Quarante ans après la naissance du syndicat Solidarité qui a uni les Polonais et leur a permis de vaincre le communisme, la Pologne est aujourd’hui profondément divisée et des inquiétudes planent sur l’état de sa démocratie.
L’image est devenu iconique: le 31 août 1980, muni d’un énorme stylo avec l’effigie du pape polonais Jean Paul II, Lech Walesa signe avec les communistes les accords de Gdansk, document qui donne officiellement naissance à Solidarité, premier syndicat indépendant du bloc communiste.
« Je savais que les communistes voulaient me duper, qu’ils essayaient de conclure un accord avec nous mais de rester au pouvoir », explique à l’AFP cet ancien électricien des chantiers navals de Gdansk qui deviendra en 1990 président de la Pologne.
« Moi, je ne voulais pas me laisser duper, je leur disais: donnez-moi un peu, et je pensais tout bas que je prendrais tout seul le reste. Et j’ai réussi », ajoute le prix Nobel de la Paix.
Nostalgie de l’union du mouvement
Dix millions de Polonais, ouvriers et intellectuels, paysans, enseignants, artistes et étudiants se sont joints à ce mouvement pacifique sans précédent dans l’histoire du pays.
Brisée un an plus tard par l’état de siège instauré par le général Wojciech Jaruzelski, Solidarité est revenue, même si amoindrie, pour remporter haut la main les premières élections semi-libres, le 4 juin 1989, et précipiter la chute du communisme dans tout le bloc.
« Août 1980 constitue les fondements de l’indépendance et de la démocratie polonaise », explique à l’AFP Aleksander Hall, historien, ancien conseiller de Lech Walesa lors des grèves de Gdansk, puis ministre du premier gouvernement post-communiste.
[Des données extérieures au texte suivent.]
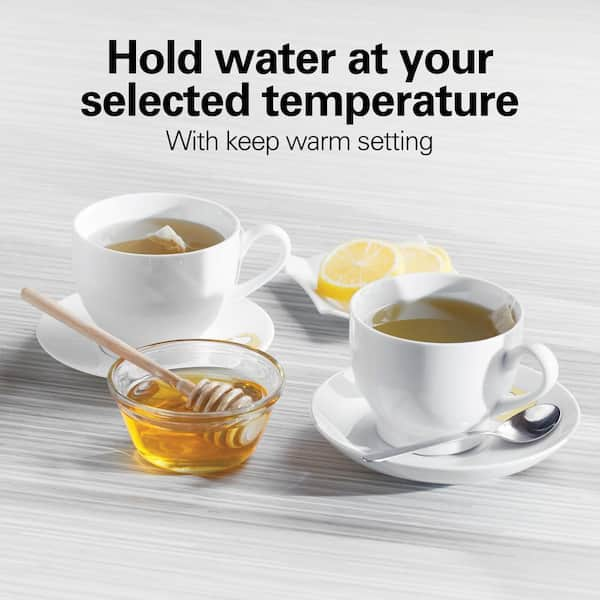 Variable temperature cheap tea kettle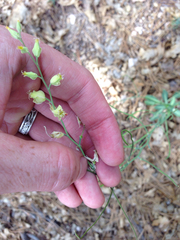 Streptanthus bernardinus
« Le mouvement de Solidarité était exceptionnel aussi bien par son ampleur que par sa stratégie pacifique et a joué un rôle primordial dans la destruction de l’ancien système », ajoute-t-il.
Aujourd’hui, la Pologne est membre de l’Union européenne et de l’Otan. Son économie, dont la croissance interrompue depuis 30 ans n’a été freinée que par la pandémie, est actuellement la sixième de l’UE.
Mais si la transformation économique est un succès, la société est partagée plus que jamais.
Les résultats des dernières élections présidentielles le prouvent bien. Lors du scrutin de juillet, le président conservateur Andrzej Duda a été réélu avec juste 51% contre 49% pour son concurrent libéral Rafal Trzaskowski.
Des réformes pour combattre les vestiges du communisme
Les divisions sont tellement profondes qu’elles vont souvent jusqu’à détruire les relations familiales.
Soutenu par une partie de la société, le projet centralisateur des conservateurs nationalistes de Droit et Justice (PiS) éveille des craintes de la partie libérale de la société.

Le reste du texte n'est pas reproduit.